Lakenheath F-15C, D fleet stands down for additional inspections

ROYAL AIR FORCE LAKENHEATH, England — A 493rd Fighter Squadron aircraft and crew taxi to take off. (Department of Defense photo by Air Force Airman 1st Class John Easterling)

ROYAL AIR FORCE LAKENHEATH, England — Liberty's fleet of F-15C and D model aircraft are grounded for additional inspections and possible repair actions. The decision came Nov. 29 and is the result of Gen. John D.W. Corley, U.S. Air Force Air Combat Command commander's recommendation to inspect all F-15 A through D model aircraft for the second time in the month of Novemember.

The recommendation follows findings stemming from the investigation of an F-15C mishap that resulted in the loss of that aircraft Nov. 2.

The new findings from the Accident Investigation Board indicate possible fleet-wide airworthiness problems with F-15A/B/C and D aircraft. These findings, based on a metallurgical analysis of the mishap aircraft, have drawn attention to the F-15's upper longerons near the canopy of the aircraft that appear to have cracked and failed. The longerons are major structural components that run along the length and side of the aircraft.

Although the longeron area was covered in general by previous inspections as a result of the Nov. 2 mishap, technical experts with the Warner Robins Air Logistics Center in Georgia, are recommending a specific inspection technique for the suspect area based on the Nov. 27 findings.

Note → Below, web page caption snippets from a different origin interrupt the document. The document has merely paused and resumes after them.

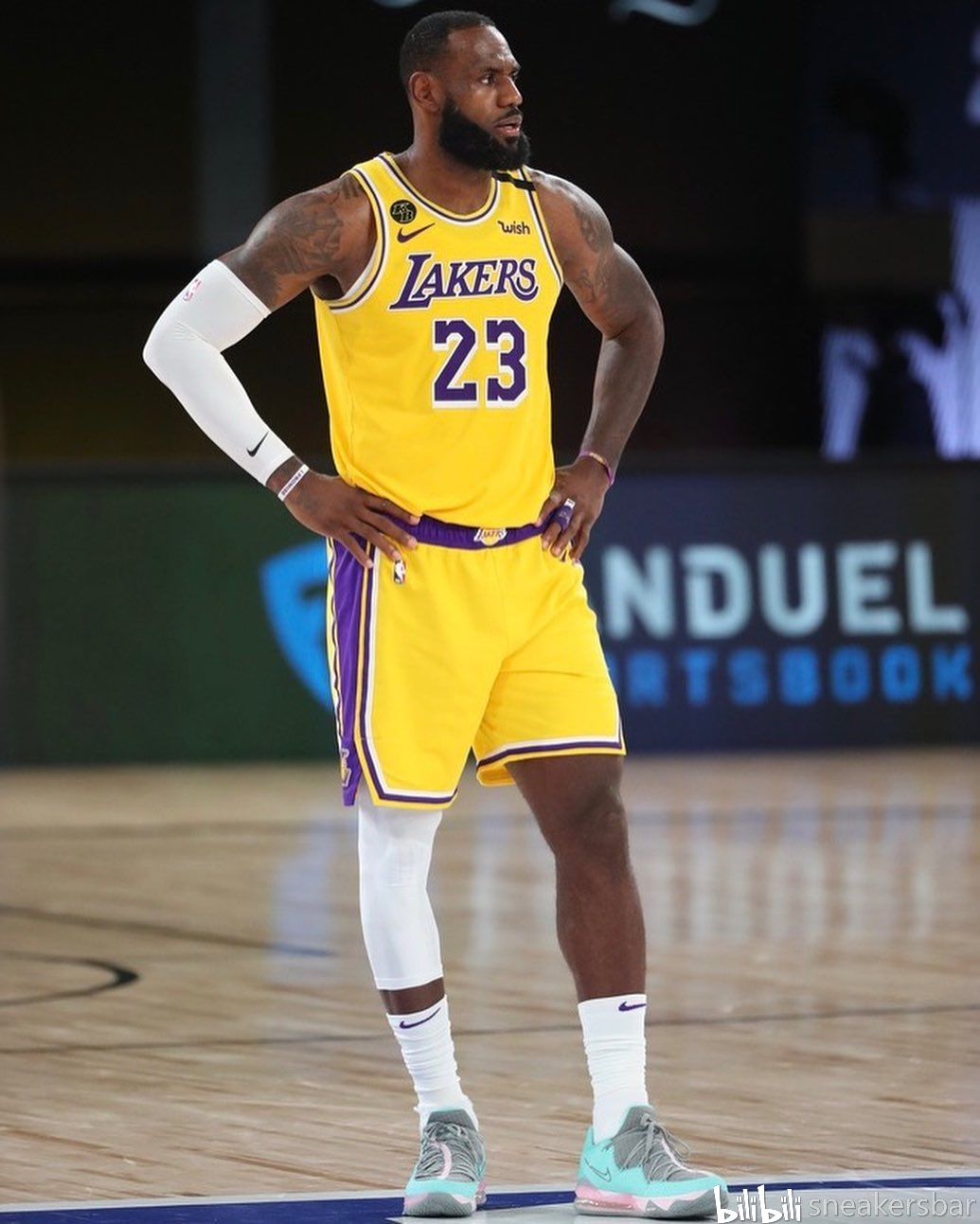 鉴提醒我们 鉴提醒我们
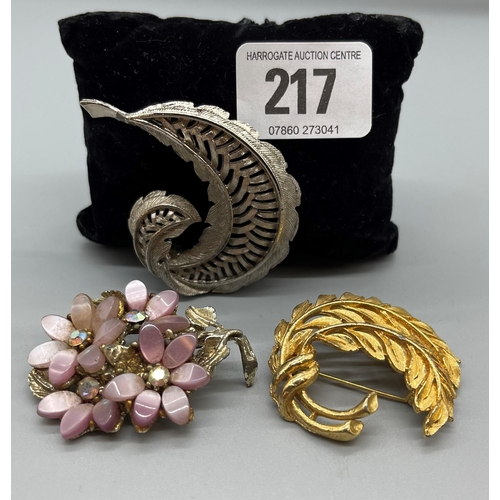 217 - THREE VINTAGE BROOCHES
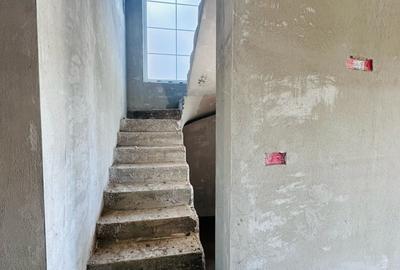 Casă individuală cu 4 camere cu Canalizare în Moșnița Nouă - 18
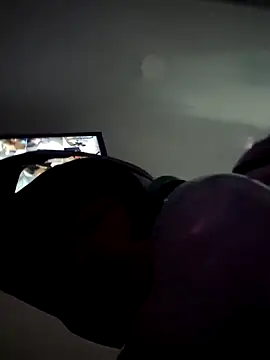 curvy_diva_'s cam snapshot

Manufacturer simulations have indicated a catastrophic failure could result in this particular area. In addition, cracks were discovered along the same longeron area during two recent inspections of F-15C aircraft. These aircraft were immediately grounded based upon the inspection findings and are awaiting further engineering instructions.

Based on the most recent data, ACC believes it is necessary to stand-down the F-15 A through D aircraft until such time each aircraft can receive a more detailed and tailored inspection of the upper longerons in the focus area.

Air Combat Command continues to work with the Air National Guard, the Air Force Reserve and sister major commands in Europe and the Pacific, as well as joint and coalition partners, to ensure mission coverage.

The stand-down does not affect the F-15E. The duration of the stand-down is pending the completion of required inspections and any necessary repair actions.